[Short text fragments from websites]
---+---
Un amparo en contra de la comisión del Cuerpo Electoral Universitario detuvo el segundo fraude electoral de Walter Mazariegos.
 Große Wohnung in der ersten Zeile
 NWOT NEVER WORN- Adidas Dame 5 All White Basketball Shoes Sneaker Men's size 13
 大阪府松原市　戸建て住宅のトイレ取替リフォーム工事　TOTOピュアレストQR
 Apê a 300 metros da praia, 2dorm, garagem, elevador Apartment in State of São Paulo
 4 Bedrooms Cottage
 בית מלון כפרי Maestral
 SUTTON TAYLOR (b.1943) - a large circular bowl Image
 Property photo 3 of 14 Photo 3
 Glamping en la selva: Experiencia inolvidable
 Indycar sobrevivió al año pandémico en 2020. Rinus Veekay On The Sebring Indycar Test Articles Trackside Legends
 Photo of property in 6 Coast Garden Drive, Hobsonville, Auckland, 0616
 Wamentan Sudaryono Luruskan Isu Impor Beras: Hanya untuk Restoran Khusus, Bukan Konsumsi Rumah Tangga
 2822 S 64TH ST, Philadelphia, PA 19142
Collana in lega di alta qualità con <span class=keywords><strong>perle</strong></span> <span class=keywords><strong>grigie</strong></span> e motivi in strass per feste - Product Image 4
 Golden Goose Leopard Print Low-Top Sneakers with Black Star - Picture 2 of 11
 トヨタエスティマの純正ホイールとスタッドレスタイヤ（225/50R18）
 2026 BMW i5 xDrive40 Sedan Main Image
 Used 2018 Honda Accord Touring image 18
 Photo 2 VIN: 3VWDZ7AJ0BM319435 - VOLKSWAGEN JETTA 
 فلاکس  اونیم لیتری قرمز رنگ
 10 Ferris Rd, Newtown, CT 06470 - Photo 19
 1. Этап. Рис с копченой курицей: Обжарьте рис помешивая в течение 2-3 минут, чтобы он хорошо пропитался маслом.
---+---
WHAT YOU ARE ASKED TO DO
Output the lines above between the one holding "トヨタエスティマの純正ホイールとスタッドレスタイヤ（225/50R18）" and the one holding "10 Ferris Rd, Newtown, CT 06470 - Photo 19", inclusive, with nothing before or after them.

TASK RESPONSE
 トヨタエスティマの純正ホイールとスタッドレスタイヤ（225/50R18）
 2026 BMW i5 xDrive40 Sedan Main Image
 Used 2018 Honda Accord Touring image 18
 Photo 2 VIN: 3VWDZ7AJ0BM319435 - VOLKSWAGEN JETTA 
 فلاکس  اونیم لیتری قرمز رنگ
 10 Ferris Rd, Newtown, CT 06470 - Photo 19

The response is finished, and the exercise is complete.